* Provided material:
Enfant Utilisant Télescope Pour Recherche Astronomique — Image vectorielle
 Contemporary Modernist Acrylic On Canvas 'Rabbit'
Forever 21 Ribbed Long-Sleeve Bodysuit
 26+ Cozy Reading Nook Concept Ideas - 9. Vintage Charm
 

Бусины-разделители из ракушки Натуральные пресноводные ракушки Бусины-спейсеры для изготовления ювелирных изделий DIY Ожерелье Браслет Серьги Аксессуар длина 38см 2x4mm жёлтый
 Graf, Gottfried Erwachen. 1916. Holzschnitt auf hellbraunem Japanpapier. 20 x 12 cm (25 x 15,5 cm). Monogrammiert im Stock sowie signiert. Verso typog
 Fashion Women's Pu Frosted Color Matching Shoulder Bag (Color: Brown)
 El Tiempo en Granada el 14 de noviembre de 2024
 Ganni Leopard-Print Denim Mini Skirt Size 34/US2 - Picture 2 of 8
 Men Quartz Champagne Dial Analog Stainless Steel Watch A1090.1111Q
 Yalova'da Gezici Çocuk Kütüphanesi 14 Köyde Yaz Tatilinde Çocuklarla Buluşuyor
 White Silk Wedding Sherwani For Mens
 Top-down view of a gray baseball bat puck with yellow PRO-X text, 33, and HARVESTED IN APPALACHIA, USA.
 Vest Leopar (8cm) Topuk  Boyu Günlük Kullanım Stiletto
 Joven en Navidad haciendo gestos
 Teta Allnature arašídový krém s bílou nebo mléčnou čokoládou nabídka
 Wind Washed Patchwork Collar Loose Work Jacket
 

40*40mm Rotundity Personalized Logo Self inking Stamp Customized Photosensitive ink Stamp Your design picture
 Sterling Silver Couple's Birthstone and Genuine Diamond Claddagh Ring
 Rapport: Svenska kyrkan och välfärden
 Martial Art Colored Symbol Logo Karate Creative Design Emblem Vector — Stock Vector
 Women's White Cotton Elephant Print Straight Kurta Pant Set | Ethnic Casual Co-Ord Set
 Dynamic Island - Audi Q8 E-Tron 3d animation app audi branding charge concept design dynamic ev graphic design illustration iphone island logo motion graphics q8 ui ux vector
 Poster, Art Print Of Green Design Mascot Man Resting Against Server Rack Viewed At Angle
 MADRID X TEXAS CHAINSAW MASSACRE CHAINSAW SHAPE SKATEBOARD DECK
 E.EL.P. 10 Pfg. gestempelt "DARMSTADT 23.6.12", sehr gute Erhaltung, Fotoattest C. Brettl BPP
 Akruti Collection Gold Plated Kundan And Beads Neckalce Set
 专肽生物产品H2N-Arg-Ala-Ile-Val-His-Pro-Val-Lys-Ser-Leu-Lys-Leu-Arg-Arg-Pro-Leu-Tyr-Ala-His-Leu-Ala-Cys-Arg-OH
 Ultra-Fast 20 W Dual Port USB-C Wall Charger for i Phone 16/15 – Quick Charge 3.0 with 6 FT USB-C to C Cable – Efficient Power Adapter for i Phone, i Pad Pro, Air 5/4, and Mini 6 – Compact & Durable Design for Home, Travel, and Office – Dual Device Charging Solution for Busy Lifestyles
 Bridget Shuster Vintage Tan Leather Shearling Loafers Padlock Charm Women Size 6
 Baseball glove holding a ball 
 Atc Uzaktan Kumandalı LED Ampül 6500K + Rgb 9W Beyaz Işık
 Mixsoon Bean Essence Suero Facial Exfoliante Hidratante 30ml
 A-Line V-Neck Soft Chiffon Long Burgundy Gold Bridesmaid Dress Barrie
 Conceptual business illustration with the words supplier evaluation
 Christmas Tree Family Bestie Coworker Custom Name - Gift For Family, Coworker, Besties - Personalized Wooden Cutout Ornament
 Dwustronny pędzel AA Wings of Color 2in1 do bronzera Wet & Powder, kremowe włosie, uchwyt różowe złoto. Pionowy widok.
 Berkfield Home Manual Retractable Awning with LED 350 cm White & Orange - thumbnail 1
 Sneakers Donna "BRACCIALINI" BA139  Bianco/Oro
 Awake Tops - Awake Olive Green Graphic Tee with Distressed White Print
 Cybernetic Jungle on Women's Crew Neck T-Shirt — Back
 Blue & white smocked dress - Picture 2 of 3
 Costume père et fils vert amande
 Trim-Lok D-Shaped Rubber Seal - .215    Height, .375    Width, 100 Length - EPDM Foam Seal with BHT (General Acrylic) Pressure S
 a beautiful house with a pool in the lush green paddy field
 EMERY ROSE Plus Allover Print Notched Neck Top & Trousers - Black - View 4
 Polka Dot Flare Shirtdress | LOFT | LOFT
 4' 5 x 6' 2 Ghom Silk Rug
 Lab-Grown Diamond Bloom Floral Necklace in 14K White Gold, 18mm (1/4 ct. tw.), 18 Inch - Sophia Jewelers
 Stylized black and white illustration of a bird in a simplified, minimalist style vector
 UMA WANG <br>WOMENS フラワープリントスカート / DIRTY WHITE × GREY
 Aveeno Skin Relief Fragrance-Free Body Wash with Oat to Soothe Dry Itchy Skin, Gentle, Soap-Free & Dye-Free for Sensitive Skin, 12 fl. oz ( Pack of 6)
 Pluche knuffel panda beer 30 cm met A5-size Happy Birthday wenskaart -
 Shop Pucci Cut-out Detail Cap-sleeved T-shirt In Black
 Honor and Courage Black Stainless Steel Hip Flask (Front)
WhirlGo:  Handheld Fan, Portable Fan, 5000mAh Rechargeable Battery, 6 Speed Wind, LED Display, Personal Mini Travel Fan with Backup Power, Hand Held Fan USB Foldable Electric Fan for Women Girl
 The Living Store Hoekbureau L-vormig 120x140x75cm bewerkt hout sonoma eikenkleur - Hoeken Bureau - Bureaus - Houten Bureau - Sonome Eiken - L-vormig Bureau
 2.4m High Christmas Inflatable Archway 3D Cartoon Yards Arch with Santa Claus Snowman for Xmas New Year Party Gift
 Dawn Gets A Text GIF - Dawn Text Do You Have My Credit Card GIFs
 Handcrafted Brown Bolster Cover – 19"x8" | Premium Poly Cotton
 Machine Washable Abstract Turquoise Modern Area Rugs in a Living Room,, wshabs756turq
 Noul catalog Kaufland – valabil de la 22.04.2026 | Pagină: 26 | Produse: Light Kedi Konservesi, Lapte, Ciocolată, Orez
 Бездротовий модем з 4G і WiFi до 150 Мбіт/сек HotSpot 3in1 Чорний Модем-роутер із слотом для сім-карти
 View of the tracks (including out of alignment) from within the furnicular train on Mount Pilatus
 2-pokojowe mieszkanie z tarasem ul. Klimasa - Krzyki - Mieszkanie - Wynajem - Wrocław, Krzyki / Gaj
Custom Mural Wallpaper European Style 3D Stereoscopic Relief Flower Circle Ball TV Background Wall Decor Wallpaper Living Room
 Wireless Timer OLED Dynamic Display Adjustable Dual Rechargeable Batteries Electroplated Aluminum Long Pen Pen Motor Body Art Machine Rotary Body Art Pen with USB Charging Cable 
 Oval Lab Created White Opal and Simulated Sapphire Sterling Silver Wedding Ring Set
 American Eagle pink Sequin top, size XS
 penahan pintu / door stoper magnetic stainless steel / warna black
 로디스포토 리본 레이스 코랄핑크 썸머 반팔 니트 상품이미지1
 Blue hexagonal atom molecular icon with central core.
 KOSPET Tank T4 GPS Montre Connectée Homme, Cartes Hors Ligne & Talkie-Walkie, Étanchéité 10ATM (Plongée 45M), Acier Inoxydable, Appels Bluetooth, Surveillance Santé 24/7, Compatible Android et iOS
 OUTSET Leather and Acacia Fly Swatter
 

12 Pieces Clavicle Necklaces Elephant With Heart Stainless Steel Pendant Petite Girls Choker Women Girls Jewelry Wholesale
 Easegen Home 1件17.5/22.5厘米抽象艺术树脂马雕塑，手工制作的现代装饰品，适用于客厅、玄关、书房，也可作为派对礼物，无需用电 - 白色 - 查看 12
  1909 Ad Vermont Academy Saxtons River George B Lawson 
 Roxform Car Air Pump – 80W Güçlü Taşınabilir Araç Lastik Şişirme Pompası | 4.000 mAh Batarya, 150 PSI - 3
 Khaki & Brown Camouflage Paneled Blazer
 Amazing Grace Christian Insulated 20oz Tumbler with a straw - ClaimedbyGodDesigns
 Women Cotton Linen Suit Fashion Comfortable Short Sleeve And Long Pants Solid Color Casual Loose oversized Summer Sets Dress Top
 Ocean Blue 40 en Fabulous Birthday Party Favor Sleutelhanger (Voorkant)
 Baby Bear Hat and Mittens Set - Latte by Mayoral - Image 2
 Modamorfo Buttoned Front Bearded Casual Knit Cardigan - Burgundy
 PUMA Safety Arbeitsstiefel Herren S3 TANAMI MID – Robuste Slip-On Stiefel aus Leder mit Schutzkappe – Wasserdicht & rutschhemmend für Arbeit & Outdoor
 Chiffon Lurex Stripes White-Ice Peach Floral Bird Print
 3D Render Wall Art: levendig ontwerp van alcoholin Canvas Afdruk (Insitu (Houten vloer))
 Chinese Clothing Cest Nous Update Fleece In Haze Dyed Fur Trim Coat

* Directions:
Only one stretch of the records above is wanted: the lines between the one holding "Dawn Gets A" and the one holding "Wireless Timer OLED", inclusive, reproduced exactly.

* Answer to the problem:
 Dawn Gets A Text GIF - Dawn Text Do You Have My Credit Card GIFs
 Handcrafted Brown Bolster Cover – 19"x8" | Premium Poly Cotton
 Machine Washable Abstract Turquoise Modern Area Rugs in a Living Room,, wshabs756turq
 Noul catalog Kaufland – valabil de la 22.04.2026 | Pagină: 26 | Produse: Light Kedi Konservesi, Lapte, Ciocolată, Orez
 Бездротовий модем з 4G і WiFi до 150 Мбіт/сек HotSpot 3in1 Чорний Модем-роутер із слотом для сім-карти
 View of the tracks (including out of alignment) from within the furnicular train on Mount Pilatus
 2-pokojowe mieszkanie z tarasem ul. Klimasa - Krzyki - Mieszkanie - Wynajem - Wrocław, Krzyki / Gaj
Custom Mural Wallpaper European Style 3D Stereoscopic Relief Flower Circle Ball TV Background Wall Decor Wallpaper Living Room
 Wireless Timer OLED Dynamic Display Adjustable Dual Rechargeable Batteries Electroplated Aluminum Long Pen Pen Motor Body Art Machine Rotary Body Art Pen with USB Charging Cable 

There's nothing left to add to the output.